父は時々、自分の考え方と違いがあると私を否定したけれど、一応最後まで意見を聞いてくれた大人でした。そして、初めての挑戦に失敗があっても、貶さなかった。その挑戦は『料理』でした。

子供の頃、母が家を留守にするときには、父方の祖母が手伝いに来てくれた事が数回ありました。中学生になっていた私は、祖母に相談して、私が祖母の手伝いを借りずに料理することを許してくれました。材料を買いに行くときだけ、手伝ってもらったくらいでした。(本当は買い物も、自分一人でやってみたかったです。)

当時、家には購入したばかりのオーブンレンジがありました。温め直すだけでなく、グリル機能やオーブン機能も付いていました。それを使って料理してみたかったのですが、母が私が台所に立つのをとても嫌がったのです。コンロに付いているグリルは、ガス火だったから使うのが怖かったけれど、レシピ本を見ながらオーブンレンジで魚を焼いたり、ガスコンロで野菜を煮たり炒めたりして、全部出来上がるのは2~3時間後。それでも根気よく祖母と父は出来上がるまで、きょうだいを宥めながら待っててくれました。

慣れない料理は失敗が当たり前。きょうだいは口にしなくても、祖母も父も嬉しそうに食べていました。

そして父は「これはヒット。一塁打くらいやな。こっちのは三塁打。なかなか上手いこと出来てる。これは…うーん、残念やけどファウルかな。焼き直ししてみてみ?」そんな風に、私が傷付かない言い方で、味を評価してくれました。きょうだいが言ったように「美味しくない」「食べられへん」とは言わないで、「焼き直ししてみ?」とやり直しのチャンスをくれたのも、私には助かりました。

それにしても、祖母は主婦の先輩として同じくダメ出しをせずに、味の調整や評価を父に任せてくれていたのも有難いことでした。私は割りとよく祖母から叱られがちな子どもでしたが、思春期時代の扱いの難しさを理解してくれていたのかも知れません。

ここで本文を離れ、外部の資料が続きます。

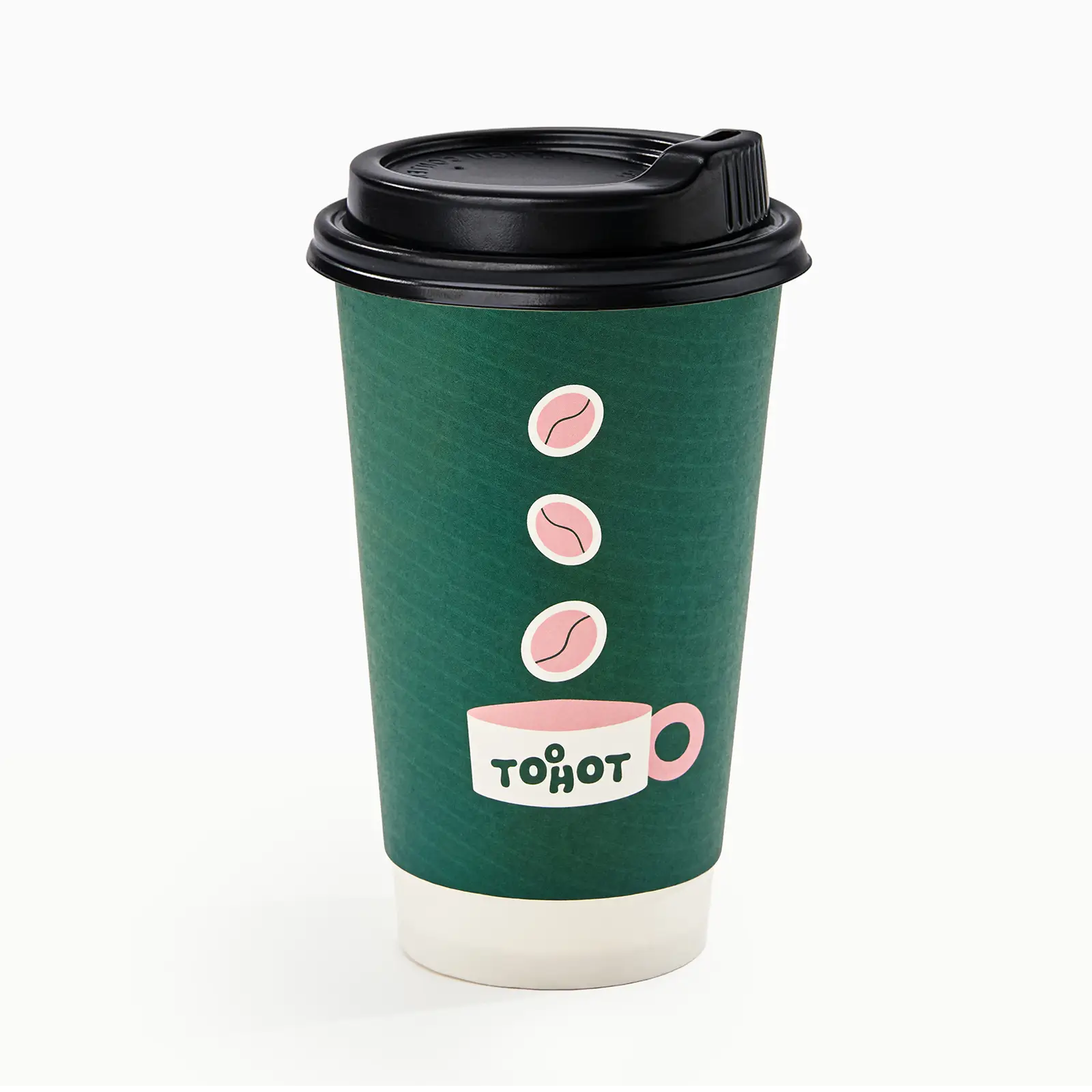 16 oz Custom Recyclable Double Wall Paper Cups with Lids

父も祖母も、私が難聴だからといって、特別視することが殆どありませんでした。思春期でちょっと接し方が、小さいときより難しい。それだけ分かってくれてたように思います。

父が元気だったときに、同じ職場の同僚の人達と一緒に飲みながら、こう話していたことがありました。

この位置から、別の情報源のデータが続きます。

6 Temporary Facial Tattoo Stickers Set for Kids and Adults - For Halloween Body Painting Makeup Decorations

「俺には夢があってな。こいつ(私)にカウンターのある居酒屋をやらせたいねん。ほんで、俺はカウンターの一番端に座って、こいつが切り盛りしてるところを、チビチビ飲んでアテを摘まみながら見てたいねん。」

その話を聞いたとき、確信に似た気持ちになったのを覚えています。叶えてあげよう!でもなく、やらなきゃ!でもない。いずれそうなるだろうな、という気持ち。

父は他界していますが、思う存分に調理出来る仕事場を得られるようになろう、と決めています。